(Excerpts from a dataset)
══════

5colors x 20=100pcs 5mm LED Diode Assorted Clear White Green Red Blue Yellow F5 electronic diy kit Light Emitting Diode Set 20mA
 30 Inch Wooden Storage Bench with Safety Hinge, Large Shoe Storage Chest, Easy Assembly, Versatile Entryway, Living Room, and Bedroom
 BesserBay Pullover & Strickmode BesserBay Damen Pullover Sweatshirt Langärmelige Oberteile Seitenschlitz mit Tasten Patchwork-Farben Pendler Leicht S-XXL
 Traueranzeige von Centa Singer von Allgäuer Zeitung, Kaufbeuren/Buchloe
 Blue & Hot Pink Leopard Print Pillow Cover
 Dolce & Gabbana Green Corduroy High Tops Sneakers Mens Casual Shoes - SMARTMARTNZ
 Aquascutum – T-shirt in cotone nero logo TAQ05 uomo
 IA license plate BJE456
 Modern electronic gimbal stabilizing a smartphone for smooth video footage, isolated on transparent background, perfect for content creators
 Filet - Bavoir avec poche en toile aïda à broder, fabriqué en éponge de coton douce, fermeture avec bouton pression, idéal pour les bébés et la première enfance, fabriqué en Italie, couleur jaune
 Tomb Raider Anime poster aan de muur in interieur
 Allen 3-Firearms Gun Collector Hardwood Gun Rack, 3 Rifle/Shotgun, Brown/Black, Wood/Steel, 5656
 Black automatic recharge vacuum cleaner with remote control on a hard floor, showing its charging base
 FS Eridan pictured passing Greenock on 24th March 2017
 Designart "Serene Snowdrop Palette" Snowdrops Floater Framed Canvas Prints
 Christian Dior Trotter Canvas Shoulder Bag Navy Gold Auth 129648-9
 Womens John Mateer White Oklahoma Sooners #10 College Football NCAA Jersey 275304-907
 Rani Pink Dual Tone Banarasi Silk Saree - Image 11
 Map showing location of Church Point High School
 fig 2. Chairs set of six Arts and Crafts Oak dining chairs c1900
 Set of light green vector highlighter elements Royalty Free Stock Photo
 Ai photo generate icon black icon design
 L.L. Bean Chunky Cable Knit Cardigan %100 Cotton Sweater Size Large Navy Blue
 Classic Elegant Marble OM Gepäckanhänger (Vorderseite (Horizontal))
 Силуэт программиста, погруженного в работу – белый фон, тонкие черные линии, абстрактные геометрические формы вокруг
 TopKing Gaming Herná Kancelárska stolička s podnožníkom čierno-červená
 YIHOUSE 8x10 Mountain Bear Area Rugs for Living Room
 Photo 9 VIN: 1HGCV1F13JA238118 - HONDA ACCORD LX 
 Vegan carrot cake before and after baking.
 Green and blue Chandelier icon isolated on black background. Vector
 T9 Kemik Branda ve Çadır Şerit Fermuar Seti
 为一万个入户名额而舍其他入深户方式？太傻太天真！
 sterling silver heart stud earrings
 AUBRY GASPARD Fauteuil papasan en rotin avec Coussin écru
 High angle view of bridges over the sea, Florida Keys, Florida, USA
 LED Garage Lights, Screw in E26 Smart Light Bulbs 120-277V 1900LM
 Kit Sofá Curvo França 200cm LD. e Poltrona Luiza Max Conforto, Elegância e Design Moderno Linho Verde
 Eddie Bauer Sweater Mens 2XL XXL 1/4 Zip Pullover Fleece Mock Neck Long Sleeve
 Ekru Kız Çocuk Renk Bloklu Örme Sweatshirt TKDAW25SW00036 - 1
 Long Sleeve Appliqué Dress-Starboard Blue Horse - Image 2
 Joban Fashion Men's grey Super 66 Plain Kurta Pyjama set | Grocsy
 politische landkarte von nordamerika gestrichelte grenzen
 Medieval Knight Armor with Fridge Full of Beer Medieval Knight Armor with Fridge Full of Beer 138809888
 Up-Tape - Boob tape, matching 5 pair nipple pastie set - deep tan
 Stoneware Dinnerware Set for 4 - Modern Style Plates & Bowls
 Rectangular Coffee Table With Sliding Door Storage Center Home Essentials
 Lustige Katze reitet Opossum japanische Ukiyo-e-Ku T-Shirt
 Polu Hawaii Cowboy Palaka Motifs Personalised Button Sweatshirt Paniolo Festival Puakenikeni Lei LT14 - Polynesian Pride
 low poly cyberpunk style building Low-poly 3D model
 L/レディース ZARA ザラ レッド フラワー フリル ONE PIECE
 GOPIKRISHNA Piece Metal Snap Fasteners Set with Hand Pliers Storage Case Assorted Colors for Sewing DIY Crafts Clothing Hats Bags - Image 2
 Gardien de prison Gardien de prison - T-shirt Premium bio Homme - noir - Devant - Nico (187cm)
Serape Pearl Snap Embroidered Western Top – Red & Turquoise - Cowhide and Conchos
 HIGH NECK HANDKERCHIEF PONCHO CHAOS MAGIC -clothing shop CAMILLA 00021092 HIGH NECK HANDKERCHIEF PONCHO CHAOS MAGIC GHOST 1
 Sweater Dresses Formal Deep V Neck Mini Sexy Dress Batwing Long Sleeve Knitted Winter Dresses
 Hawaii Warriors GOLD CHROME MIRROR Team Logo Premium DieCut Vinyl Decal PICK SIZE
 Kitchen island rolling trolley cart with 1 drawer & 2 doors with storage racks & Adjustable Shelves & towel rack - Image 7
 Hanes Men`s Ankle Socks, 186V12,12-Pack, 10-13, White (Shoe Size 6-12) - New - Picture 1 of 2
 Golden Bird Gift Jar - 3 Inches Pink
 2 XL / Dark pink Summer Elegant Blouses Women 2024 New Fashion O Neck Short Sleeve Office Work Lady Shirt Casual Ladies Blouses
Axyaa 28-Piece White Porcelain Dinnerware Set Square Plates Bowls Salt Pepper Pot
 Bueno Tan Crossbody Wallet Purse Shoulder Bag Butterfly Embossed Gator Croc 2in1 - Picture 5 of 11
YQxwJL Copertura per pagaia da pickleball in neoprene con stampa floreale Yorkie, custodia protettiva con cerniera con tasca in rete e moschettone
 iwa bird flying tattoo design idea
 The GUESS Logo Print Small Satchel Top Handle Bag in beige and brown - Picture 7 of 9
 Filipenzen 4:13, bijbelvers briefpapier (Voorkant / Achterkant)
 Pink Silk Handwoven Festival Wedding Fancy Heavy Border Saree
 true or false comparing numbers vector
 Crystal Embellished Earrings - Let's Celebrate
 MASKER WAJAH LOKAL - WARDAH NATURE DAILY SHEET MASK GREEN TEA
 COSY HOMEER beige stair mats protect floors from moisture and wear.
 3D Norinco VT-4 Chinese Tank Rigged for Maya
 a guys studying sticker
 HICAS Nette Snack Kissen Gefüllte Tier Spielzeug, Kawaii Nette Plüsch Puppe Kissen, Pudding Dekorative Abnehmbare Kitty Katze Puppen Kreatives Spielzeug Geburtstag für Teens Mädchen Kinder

══════

What needs to be done -
Copy out only the lines running from the beginning of the data to the line with "30 Inch Wooden", both ends included.

Output for this exercise -
5colors x 20=100pcs 5mm LED Diode Assorted Clear White Green Red Blue Yellow F5 electronic diy kit Light Emitting Diode Set 20mA
 30 Inch Wooden Storage Bench with Safety Hinge, Large Shoe Storage Chest, Easy Assembly, Versatile Entryway, Living Room, and Bedroom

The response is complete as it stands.